Name: Thomas Oliver McGowan.
Died: November 11, 2016.
Age at death: 18.
Cause of death: Neuroleptic malignant syndrome.
Location: Bristol, England, UK.
Thomas, called by his middle name Oliver, barely survived meningitis twice when he was only a baby. He was diagnosed with epilepsy, autism, cerebral palsy, and a developmental disability.
He was funny, vibrant, and full of energy. His family loved him. He was a student at National Star college, which educates and trains people with disabilities. He was a talented sportsman, playing football on teams for young people with CP and ranking third best in the country for disabled athletes in the 200-meter dash. He was headed for the Paralympics.
He was eighteen when he started having simple partial seizures that his medication wouldn’t stop, and had to be taken to the hospital. Knowing that Oliver had had bad reactions to neuroleptics before, he and his parents told paramedics, and later the doctors at the hospital, that he was not to be given these medications.”Please don’t give me anti-psychotics,” Oliver said. “They mess with my brain.”
Anxious and agitated, going in and out of periodic seizures, Oliver was peppered with questions by multiple people at the same time. Police and security guards got involved at some point; everyone ignored his parents’ instructions to find him a quiet place, talk to him one-on-one, and give him time to reply. Confused and severely stressed, he was restrained and thrown onto a hospital bed even though his parents warned doctors that restraint made him extremely anxious.
Oliver was finally sedated and intubated to control the seizure activity. He had been in the hospital three days when a consultant neuropsychologist saw Oliver’s unusual behavior and decided that he must have post-seizure psychosis–even though he knew Oliver had a developmental disability which explained his behavior–he was an autistic young man in an unfamiliar hospital environment, just waking up from sedation.
The doctor decided to ignore Oliver’s and his parents’ warnings and gave Oliver Olanzapine.
Oliver’s temperature spiked.

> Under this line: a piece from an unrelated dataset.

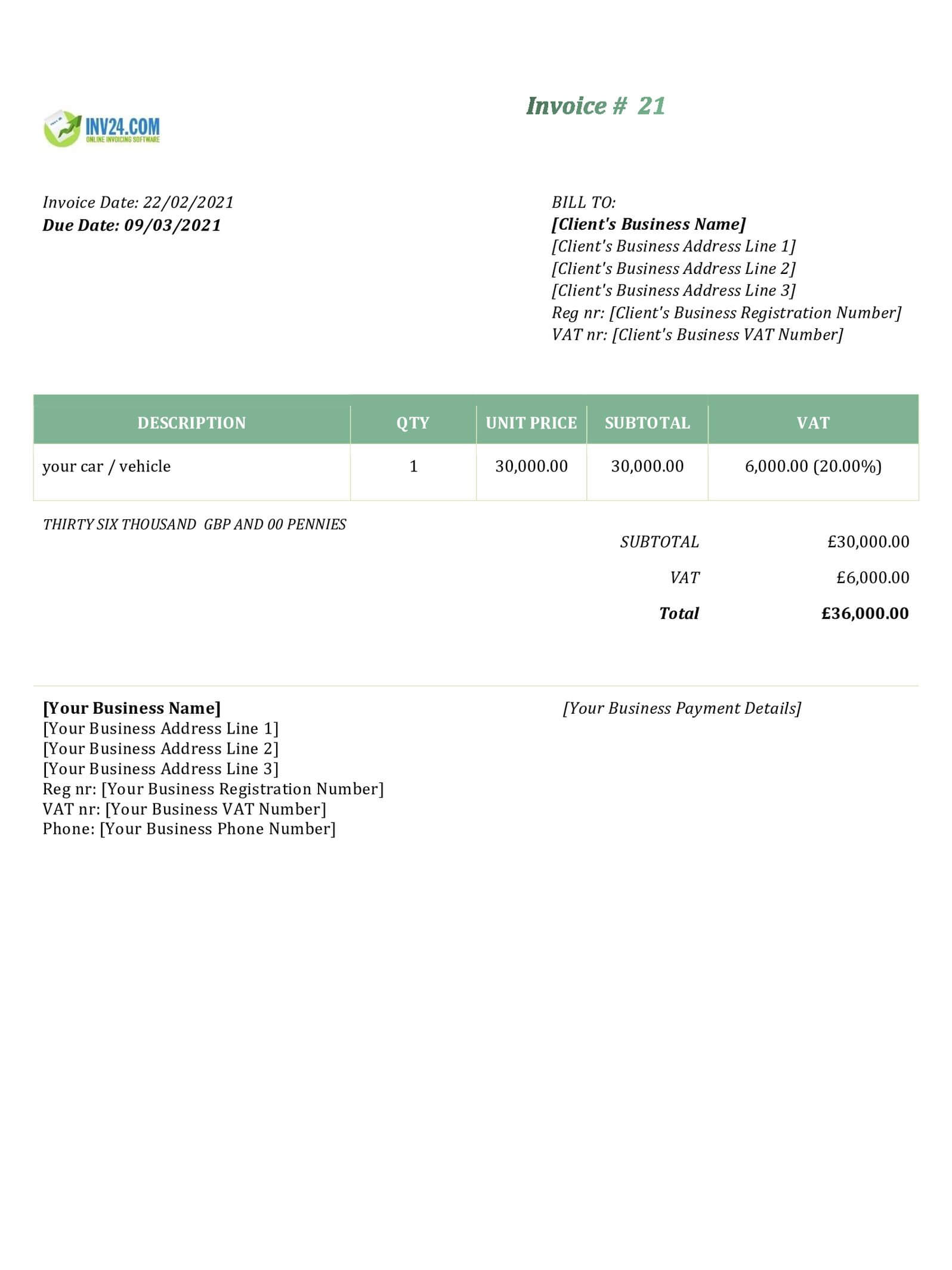 Car Sales Invoice Template Uk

He showed signs of neuroleptic malignant syndrome, a rare but deadly reaction to neuroleptics that causes the brain to swell, forcing itself through the hole at the base of the skull. His seizures increased in frequency, and his parents demanded a brain scan. But he wasn’t taken off the Olanzapine until two days had passed. When doctors finally did the brain scan, they found Oliver had suffered a catastrophic brain injury. Although he had emergency surgery to relieve the swelling on his brain, it turned out to be too severe to recover from.
Oliver was taken off life support and died.
Neuroleptic malignant syndrome is considered a rare side effect, but it seems to be more common among autistics than most. Neuroleptics, also called antipsychotics, are used to combat psychosis and as sedatives, and are often prescribed off-label for autistic people. Risperidone, an antipsychotic, is approved for use in autistic people with severe meltdowns, but no other antipsychotic has been clinically tested and labeled for use in autism. Some doctors use these medications as chemical restraints; others prescribe them by default simply because their patient is autistic. Autistic people often have bad reactions or paradoxical reactions to medication. When Oliver’s parents warned the doctors that he was not to be given antipsychotics because he had reacted badly to them in the past, they were giving the doctors information that would have saved his life if only the doctors had listened to it. –Ed.